Figure 6 presents the average Dice coefficients across all clinical cases, where the proposed method achieved 0.919 for brain and 0.926 for abdominal datasets, representing statistically significant improvements (p < 0.05, Wilcoxon signed-rank test) over all baseline methods. The distorted baseline images showed poor anatomical correspondence with average Dice scores of only 0.878 (brain) and 0.786 (abdomen), highlighting the severity of SS-EPI-induced geometric distortions. SyN, a diffeomorphic registration algorithm based on variational principles proposed in the ANTs toolkit (Avants 2009), has demonstrated excellent accuracy and topological preservation in numerous brain imaging comparison tasks. This explains SyN’s competitive performance, achieving average Dice of 0.893 in the brain dataset, ranking third after our method and SynthMorph.

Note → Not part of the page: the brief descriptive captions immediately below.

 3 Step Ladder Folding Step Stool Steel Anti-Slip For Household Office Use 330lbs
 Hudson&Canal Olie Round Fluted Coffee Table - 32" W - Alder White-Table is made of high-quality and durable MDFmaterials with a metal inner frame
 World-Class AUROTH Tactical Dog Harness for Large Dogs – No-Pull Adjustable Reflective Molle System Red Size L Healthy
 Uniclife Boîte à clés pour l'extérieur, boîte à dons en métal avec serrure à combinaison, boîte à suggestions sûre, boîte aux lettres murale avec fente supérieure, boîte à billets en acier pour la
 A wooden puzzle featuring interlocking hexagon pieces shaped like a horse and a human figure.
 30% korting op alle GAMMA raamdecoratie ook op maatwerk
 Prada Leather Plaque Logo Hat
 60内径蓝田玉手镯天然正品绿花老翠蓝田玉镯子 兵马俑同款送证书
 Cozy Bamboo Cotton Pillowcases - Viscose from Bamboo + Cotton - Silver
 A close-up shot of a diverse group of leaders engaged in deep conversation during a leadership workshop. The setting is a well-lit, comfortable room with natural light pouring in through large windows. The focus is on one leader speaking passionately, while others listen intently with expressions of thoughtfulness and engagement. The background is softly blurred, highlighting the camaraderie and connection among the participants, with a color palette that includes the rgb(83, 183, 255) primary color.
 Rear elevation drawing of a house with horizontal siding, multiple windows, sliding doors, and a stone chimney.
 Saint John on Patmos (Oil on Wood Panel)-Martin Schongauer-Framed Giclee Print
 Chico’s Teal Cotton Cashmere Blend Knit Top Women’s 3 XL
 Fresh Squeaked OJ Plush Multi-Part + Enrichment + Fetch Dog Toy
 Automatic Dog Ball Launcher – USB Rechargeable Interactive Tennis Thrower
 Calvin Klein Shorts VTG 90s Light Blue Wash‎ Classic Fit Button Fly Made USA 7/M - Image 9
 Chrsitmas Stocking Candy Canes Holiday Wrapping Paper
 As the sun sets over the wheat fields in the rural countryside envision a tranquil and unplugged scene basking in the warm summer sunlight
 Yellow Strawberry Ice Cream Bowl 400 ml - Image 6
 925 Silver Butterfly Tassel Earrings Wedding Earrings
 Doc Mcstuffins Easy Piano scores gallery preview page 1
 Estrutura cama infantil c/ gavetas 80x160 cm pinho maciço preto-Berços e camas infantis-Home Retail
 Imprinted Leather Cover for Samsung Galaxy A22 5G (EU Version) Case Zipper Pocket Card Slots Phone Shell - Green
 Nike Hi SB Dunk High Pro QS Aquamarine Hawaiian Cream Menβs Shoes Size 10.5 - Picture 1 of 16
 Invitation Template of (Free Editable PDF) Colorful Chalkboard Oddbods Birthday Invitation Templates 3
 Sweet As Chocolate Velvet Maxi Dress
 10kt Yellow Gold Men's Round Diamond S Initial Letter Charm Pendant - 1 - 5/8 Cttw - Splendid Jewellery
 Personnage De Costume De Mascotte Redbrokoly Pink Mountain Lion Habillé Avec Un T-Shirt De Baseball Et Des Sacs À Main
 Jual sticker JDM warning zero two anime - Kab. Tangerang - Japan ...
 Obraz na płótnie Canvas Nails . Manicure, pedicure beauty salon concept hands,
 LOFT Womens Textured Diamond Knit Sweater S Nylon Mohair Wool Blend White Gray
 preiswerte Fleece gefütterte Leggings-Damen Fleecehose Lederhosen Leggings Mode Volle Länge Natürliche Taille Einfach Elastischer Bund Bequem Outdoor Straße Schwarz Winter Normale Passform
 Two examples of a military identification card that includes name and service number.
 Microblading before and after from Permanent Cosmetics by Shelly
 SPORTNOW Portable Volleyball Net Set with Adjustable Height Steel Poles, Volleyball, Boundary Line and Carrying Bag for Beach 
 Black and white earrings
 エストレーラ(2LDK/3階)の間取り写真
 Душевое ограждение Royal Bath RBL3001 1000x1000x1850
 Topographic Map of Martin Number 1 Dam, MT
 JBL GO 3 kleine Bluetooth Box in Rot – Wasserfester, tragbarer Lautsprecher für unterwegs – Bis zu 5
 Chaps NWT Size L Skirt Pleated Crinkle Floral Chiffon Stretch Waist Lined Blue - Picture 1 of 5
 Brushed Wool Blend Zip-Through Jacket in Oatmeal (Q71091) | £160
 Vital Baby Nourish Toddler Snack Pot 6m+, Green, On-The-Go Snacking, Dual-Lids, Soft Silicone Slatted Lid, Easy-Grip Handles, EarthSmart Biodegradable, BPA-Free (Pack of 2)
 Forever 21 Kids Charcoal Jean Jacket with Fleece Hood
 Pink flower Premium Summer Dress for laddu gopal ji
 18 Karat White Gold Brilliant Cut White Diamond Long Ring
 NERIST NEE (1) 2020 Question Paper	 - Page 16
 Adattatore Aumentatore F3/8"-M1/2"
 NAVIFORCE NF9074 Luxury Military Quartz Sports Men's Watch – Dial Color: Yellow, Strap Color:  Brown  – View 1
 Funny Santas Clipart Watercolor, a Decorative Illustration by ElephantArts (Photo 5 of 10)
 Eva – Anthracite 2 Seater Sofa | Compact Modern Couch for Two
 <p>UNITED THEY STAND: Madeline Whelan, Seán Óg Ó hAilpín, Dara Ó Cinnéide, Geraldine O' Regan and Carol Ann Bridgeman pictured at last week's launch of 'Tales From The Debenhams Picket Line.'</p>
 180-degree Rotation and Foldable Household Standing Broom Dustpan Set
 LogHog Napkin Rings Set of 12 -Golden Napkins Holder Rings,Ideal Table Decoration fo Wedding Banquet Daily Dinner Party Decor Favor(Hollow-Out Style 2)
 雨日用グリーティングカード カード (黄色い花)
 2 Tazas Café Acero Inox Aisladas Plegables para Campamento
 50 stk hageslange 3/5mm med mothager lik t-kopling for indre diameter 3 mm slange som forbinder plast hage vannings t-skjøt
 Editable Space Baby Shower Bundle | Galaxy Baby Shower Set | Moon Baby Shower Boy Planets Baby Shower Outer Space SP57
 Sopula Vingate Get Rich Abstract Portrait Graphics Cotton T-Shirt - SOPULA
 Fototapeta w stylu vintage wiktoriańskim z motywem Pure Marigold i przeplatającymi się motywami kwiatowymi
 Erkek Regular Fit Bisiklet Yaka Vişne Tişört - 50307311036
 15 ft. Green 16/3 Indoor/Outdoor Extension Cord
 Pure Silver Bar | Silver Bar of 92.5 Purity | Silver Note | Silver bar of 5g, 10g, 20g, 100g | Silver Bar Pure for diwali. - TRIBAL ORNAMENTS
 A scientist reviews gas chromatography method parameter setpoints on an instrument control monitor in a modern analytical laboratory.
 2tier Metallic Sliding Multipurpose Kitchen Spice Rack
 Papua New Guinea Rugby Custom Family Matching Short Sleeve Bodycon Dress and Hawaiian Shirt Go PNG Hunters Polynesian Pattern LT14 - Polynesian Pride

However, SyN’s advantage diminishes in abdominal imaging (Dice: 0.864), where the larger deformations may exceed its optimization capabilities. DINO-Reg, despite leveraging self-supervised vision transformers, achieved only 0.889 (brain) and 0.839 (abdomen), demonstrating that general-purpose features alone are insufficient for addressing DWI-specific distortions.

Average Dice coefficients across the brain (10 cases) and abdominal (9 cases) datasets. Asterisks () indicate statistically significant differences compared to the proposed method (p < 0.05, Wilcoxon signed-rank test). The red bars highlight our LMBS-INR approach achieving 0.919 (brain) and 0.926 (abdomen) on the average Dice, significantly outperforming all baseline methods.*

The multi-b-value evaluation validated our approach of estimating deformation fields from b = 0 images and applying them across all diffusion weightings. Figure 7 demonstrates the brain DWI registration results across multiple b-values (b = 0, b = 200, b = 600, and b = 800). The orange contours, extracted via Canny edge detection (Canny 1986) from the FLAIR reference, provide clear visualization of anatomical boundaries. The proposed method maintains excellent alignment across all b-values, with the ventricle boundaries and cortical structures well matching the reference contours. In contrast, baseline methods show varying degrees of misalignment: SyN exhibits slight deviations in the occipital lobe region, while other baseline models (SynthMorph, TransMorph, VoxelMorph, MultiGradICON, and DINO-Reg) all demonstrate poor registration performance in the lateral brain regions as shown in the magnified view (bottom row). Our method achieves superior gray-white matter boundary preservation throughout. Figure 8 presents corresponding results for abdominal DWI across b-values (b = 0, b = 50, b = 200, and b = 600). The challenges in abdominal imaging are immediately apparent: larger organ deformations. Despite this complexity, LMBS-INR achieves remarkable alignment with the T2-SPIR reference (orange contours). The liver boundaries, kidney outlines, and spleen margins are accurately restored across all b-values. Other baseline models including SynthMorph, VoxelMorph, and DINO-Reg all exhibit clear misalignment.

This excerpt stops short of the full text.